Feel like you're not getting enough AIR? Try invoking the "Rule of 12 Breaths"! While sitting down, breathe 3 times into your ribs with arms over your head. Then clasp your hands behind your back, push them down and breathe 3 times across your chest. Next wrap your hands around yourself in a hug and breathe into your back 3 times. Finally, roll down and place your elbows on your knees. Again, breathe 3 times and feel the expansion in your lower back, belly, and pelvis. After 12 breaths, you should feel a great expansion of breath all over your body! Any time your breathing is feeling shallow, just remember the "Rule of 12 Breaths". You'll be breathing much more efficiently without even having to get up!
What is your vocal SIGNATURE? Just like signing your name, your vocal signature is unique to you. It's not just your God-given resonance and physiology. It's also the amalgamation of all your technical choices and stylistic nuances. We recognize singers by the tone of their voices, yes, but even MORE by their unique vocal signature. Sara Bareilles sings long, legato phrases interspersed with breathy qualities.
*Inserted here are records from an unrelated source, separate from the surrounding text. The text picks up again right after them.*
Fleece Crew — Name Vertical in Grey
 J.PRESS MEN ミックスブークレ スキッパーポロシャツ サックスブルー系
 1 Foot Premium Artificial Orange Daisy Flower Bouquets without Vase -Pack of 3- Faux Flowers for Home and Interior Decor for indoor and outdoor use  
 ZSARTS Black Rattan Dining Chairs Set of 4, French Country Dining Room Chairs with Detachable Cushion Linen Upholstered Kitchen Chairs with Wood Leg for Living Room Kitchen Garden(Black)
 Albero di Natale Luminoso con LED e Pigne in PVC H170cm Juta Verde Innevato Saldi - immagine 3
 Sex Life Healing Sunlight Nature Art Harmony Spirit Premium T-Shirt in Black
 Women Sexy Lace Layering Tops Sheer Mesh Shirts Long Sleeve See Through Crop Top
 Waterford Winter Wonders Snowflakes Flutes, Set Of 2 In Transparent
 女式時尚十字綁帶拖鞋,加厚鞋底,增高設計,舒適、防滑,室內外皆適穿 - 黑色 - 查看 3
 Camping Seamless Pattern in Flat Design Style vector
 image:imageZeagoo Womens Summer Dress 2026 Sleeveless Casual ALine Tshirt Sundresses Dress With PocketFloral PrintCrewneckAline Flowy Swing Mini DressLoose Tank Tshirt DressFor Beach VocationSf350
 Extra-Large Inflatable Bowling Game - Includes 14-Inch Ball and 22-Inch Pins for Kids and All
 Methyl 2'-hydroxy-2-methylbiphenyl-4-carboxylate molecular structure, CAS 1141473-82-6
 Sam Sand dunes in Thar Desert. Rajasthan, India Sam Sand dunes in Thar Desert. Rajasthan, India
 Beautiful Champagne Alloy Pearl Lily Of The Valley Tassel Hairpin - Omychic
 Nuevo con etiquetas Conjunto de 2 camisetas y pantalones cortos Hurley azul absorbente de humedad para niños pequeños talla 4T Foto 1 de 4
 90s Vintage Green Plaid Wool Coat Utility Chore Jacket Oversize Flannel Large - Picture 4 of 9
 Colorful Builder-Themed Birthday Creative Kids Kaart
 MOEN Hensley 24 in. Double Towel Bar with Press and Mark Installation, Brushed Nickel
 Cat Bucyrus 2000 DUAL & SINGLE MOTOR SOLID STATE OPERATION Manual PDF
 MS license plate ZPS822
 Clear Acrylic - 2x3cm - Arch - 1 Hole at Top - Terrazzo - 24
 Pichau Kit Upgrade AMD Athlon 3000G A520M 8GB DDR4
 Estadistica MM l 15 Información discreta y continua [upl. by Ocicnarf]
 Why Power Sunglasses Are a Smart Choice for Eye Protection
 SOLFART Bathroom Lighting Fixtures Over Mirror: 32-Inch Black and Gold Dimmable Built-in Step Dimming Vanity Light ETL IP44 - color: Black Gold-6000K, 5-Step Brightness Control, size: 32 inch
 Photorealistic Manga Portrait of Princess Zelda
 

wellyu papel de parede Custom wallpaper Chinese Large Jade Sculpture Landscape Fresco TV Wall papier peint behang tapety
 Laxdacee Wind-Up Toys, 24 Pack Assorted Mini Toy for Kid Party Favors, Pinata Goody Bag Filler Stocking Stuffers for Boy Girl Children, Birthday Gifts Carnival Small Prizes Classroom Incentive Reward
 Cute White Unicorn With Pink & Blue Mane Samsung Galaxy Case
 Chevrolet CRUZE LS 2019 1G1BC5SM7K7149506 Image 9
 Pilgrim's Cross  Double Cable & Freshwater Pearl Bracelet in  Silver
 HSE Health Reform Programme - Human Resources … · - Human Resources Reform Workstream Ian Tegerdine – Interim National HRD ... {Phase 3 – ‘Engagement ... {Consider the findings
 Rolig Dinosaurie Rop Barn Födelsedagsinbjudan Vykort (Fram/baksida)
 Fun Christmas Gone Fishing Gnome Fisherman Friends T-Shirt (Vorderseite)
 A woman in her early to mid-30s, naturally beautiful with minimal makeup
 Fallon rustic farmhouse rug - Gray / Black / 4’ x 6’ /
Rihanna belts with sharp, clean sounds alternating with a little grit. Justin Bieber uses high, edgy sounds mixed with falsetto flair. What about your favorite singers? And what about your own vocal artistry? Constantly take note of the tools that make singing personal and exciting to you. Keep honing your own unique vocal SIGNATURE and you may one day find yourself being asked for your signature!
Want to adjust the Larynx without even thinking about it? Try thinking about your BREATH sometimes instead of your Larynx. While it's helpful to adjust the Larynx directly, sometimes adjustments are better made indirectly. When you take a breath deep in the body, the larynx actually drops a little bit automatically. This slightly lowered position allows for greater resonance and looser vocal folds. Not to mention that a low breath sets you up for optimal breath support. While good vocal technique often asks us to isolate different components of our instrument, it's also great for them to work together. Let your low breath and your low larynx work in harmony!